Postgres has decades of battle-testing. SurrealDB is younger. The community is smaller. Edge cases in query planning exist.
Mitigation: I run extensive integration tests. I monitor query performance. I have a migration plan to Postgres + pgvector if needed.
Postgres has pgAdmin, hundreds of ORMs, every monitoring tool. SurrealDB's tooling ecosystem is growing but not there yet.
Mitigation: I built a thin DAL (Data Access Layer) in Rust that abstracts database operations. If I need to swap databases, I change the DAL, not the application.
Pinecone and Qdrant are purpose-built for vector search. They have more tuning options, better performance at scale, more index types.
Mitigation: For my current scale, SurrealDB's vector search is sufficient. If I outgrow it, I can add a dedicated vector store for just the search layer while keeping SurrealDB for storage and graph.
Managed Postgres is everywhere. Managed SurrealDB options are more limited.
Mitigation: Self-hosted with Docker.
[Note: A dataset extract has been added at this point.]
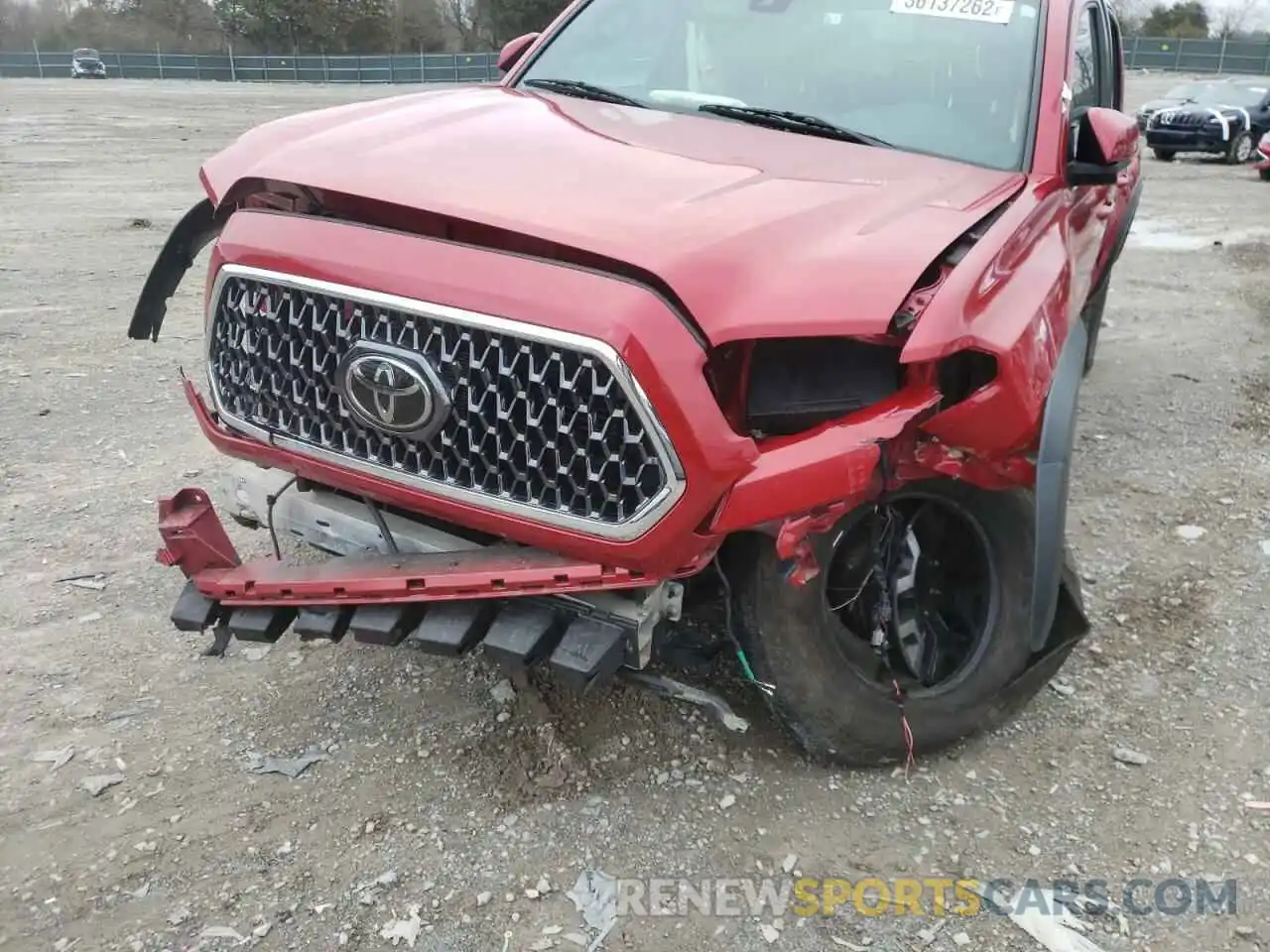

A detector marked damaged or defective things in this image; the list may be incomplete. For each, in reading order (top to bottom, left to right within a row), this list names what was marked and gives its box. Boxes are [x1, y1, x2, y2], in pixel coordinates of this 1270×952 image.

detached bumper piece [159, 484, 650, 695]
SurrealDB is a single binary, so deployment is straightforward.
SurrealQL is its own language. Not standard SQL. Developers need to learn it.
Mitigation: SurrealQL is close enough to SQL that the learning curve is small. The graph traversal syntax is actually more intuitive than SQL JOINs for relationship queries.
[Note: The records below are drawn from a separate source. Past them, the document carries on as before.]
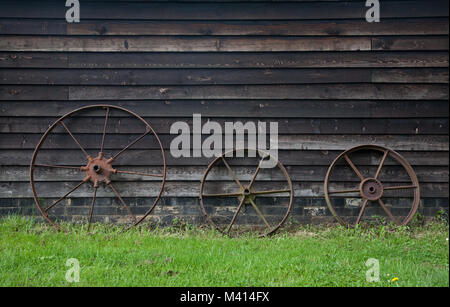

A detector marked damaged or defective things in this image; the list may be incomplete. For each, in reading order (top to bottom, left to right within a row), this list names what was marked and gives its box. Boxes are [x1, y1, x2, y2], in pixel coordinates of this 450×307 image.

large rusty wagon wheel [30, 105, 167, 231]
small rusty wagon wheel [30, 105, 167, 231]
rusted metal surface [30, 105, 167, 231]
small rusty wagon wheel [199, 149, 294, 238]
large rusty wagon wheel [199, 149, 294, 238]
rusted metal surface [199, 149, 294, 238]
small rusty wagon wheel [326, 145, 420, 229]
large rusty wagon wheel [326, 145, 420, 229]
rusted metal surface [326, 145, 420, 229]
SurrealDB fits when you need multiple data models and consistency between them:
It doesn't fit when:
In my system:
flowchart TD
A[dal] --> B[SurrealDB Client]
B --> C[SurrealDB]
C --> C1["Relational: users, workspaces, agents"]
C --> C2["Graph: memory provenance, relationships"]
C --> C3["Vector: fact & message embeddings"]
D[Redis] --> D1[Hot checkpoints]
D --> D2[Rate limit counters]
D --> D3[Session tokens & OTP codes]
class C,D special
class C1,C2,C3 worker
class D1,D2,D3 default
SurrealDB handles persistent, consistent data. Redis handles ephemeral, high-speed data. Clear boundary.
Three databases for three data models is the default architecture. It works. But for AI agent systems where relational, graph, and vector data intersect on every operation, the consistency and simplicity of one database is worth the trade-offs.
SurrealDB isn't the only option. But the question — "do I really need three databases?" — is worth asking.